Kim Kauffman


 
 
     
 
 
 

Kim Kauffman:
My images have always been fundamentally about form. Forms manifest in the resonance of a curve, the rhythm of a pattern, the dichotomy of light and shadow. They abound everywhere in nature: the twist of a leaf, the overlap of feathers on a bird’s wing, the symmetry of an unfurling flower. We emulate them in our human creations: the arch of a cathedral, the weave of a textile. These innate forms, abstractions from the larger world, connect with us at a basic level and help us to organize and understand our world.

Florilegium is a body of work that has engaged me for the last eight years. A series botanically inspired images, Florilegium has evolved along with my growth as a gardener. Gardens are an easily accessible way for us to reconnect daily with the natural world and be reminded of our place in it. Garden materials (flowers, plants, leaves, branches, seedpods) are the primary subject matter in my photographs. Through these materials I endeavor to share my experience of this essential connection.

Plants have long fascinated me to grow, live with and record in my photography. Although other subject matter is important to me, I always come back to plants–their beauty, complexity and perfection of form speak to me in a basic way. I am not alone in my reverence for plants - they have long inspired humans as we record the world in our artwork. The advent of flowering plants forever changed the face of the earth, providing food for all living beings. Without these plants we could not exist. In turn,
our fascination with them has contributed to their perpetuation as we nuture and share them. We, plants and humans, are involved in an eons old dialog.

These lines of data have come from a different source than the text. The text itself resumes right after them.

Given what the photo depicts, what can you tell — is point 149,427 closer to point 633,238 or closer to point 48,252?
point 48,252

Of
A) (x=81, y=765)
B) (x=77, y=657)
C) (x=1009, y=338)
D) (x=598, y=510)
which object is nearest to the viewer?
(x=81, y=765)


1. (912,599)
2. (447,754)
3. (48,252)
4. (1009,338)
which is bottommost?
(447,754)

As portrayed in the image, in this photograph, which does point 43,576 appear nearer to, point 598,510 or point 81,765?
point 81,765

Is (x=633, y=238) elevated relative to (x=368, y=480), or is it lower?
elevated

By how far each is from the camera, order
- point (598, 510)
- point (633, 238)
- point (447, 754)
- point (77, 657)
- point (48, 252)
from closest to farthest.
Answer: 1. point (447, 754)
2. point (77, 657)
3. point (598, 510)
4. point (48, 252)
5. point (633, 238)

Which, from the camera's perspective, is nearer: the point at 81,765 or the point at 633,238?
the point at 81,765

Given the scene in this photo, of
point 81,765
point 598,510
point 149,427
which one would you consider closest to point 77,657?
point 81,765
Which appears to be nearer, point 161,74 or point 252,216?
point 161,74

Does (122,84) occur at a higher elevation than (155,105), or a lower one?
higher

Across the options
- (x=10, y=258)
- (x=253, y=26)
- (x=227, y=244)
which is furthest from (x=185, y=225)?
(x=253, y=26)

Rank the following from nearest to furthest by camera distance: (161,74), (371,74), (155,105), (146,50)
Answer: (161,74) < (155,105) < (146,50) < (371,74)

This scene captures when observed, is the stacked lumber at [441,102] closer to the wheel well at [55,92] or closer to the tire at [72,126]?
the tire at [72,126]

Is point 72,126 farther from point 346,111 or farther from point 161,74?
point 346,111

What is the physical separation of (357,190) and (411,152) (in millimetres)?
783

There are many inspired artists creating brilliant work focused on the human condition. Yet, as Barry Lopez states, “Increasingly our culture is shaped by culture and not by landscape, so that our culture, spinning at an ever increasing rate, increasingly refers only to itself.” In our urban modern culture, full of
self-reference, perhaps we need more images of nature in our every day lives in order to live more conscientiously in the natural world. I make the images in Florilegium not just to revel in the beauty of my subjects but because I wish to help create a balance–equipoise–with my images of the botanical world.